Jan 30, 2016

Cell Nucleus

During the 1670s, the Dutch microscopist Antonie van Leeuwenhoek was the first to see a world previously unknown, which included the fibers of a muscle, bacteria, sperm cells, and the nucleus in the red blood cell of salmon. The next reported sighting of a cell nucleus was in 1802 by Franz Bauer, an Austrian microscopist and botanical artist. However, credit for its discovery is generally assigned to the Scottish botanist Robert Brown. When studying the epidermis (outer layer) of an orchid, he saw an opaque spot that was also present during an early stage of pollen formation; he called this spot a nucleus. Brown first described its appearance to his colleagues at a meeting of the Linnean Society of London in 1831 and published his findings two years later. Both Brown and Bauer thought that the nucleus was a cell structure that was unique to monocots, a plant group that includes orchids. In 1838, the German botanist Matthias Schleiden, the co-discoverer of the cell theory, first recognized the connection between the nucleus and cell division, and in 1877, Oscar Hertwig demonstrated its role in fertilization of the egg.

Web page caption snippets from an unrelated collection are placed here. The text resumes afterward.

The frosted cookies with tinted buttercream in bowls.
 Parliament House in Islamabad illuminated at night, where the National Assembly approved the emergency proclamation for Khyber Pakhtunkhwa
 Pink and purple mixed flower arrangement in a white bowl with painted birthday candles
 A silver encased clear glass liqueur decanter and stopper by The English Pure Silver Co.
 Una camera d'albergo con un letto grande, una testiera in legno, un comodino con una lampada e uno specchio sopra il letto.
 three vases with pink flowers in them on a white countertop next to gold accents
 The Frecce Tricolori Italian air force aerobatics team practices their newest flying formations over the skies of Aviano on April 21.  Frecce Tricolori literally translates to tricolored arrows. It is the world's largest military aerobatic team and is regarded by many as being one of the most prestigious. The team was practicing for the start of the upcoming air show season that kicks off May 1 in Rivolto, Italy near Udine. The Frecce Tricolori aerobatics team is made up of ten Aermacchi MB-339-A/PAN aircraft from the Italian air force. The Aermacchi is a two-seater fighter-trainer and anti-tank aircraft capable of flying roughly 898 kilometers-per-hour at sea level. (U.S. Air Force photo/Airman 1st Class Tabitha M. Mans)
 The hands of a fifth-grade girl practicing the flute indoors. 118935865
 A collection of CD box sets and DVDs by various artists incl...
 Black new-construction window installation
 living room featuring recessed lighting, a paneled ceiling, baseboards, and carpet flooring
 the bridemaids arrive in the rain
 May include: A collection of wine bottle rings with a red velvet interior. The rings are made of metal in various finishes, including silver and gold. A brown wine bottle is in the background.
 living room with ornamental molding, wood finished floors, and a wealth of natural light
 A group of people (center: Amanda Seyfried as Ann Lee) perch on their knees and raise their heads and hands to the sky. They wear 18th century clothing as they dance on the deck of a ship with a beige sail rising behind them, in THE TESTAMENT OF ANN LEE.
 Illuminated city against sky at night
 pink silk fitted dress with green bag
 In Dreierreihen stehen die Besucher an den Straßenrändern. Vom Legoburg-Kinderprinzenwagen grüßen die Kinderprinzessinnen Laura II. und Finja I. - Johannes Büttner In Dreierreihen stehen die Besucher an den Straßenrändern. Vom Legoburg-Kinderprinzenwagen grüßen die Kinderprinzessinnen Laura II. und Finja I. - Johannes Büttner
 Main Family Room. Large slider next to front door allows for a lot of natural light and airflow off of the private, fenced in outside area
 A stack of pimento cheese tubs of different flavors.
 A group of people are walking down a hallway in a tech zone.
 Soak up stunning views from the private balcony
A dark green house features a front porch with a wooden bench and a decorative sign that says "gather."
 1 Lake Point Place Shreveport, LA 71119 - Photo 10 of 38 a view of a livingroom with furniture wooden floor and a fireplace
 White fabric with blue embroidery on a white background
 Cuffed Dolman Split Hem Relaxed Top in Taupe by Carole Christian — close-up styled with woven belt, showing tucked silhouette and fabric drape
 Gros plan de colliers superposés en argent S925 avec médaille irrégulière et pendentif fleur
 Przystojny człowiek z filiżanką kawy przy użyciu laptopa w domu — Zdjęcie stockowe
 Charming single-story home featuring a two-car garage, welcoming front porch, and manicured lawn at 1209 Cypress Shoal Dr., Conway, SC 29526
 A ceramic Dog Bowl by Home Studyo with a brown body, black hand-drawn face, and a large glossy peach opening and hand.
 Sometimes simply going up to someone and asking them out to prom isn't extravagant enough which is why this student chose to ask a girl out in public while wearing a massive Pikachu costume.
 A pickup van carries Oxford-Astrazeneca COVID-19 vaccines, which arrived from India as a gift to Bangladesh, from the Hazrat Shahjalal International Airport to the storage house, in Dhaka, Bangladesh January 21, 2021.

CARRIER OF GENETIC MATERIAL

The nucleus, the largest organelle within the cell, contains chromosomes and deoxyribonucleic acid (DNA), and regulates cell metabolism, cell division, gene expression, and protein synthesis. The nuclear envelope—a double membrane surrounding the nucleus and separating it from the rest of the cell—is in continuity with the rough endoplasmic reticulum, the site of protein synthesis.

Interior three-dimensional image of an animal cell, with the nucleus as the large, round organelle in the center.

At the time of his 1831 discovery, Brown was an established botanist. Earlier in his career, from 1801–1805, he collected 3,400 species of plants while in Australia and described and published reports of 1,200 of these. In 1827, he reported on microscopic pollen grains (and later other particles) moving continuously and randomly through a liquid or gas medium colliding with one another. An explanation of this Brownian motion came in 1905, when Albert Einstein explained that it resulted from molecules of water that were not visible hitting visible pollen grain molecules.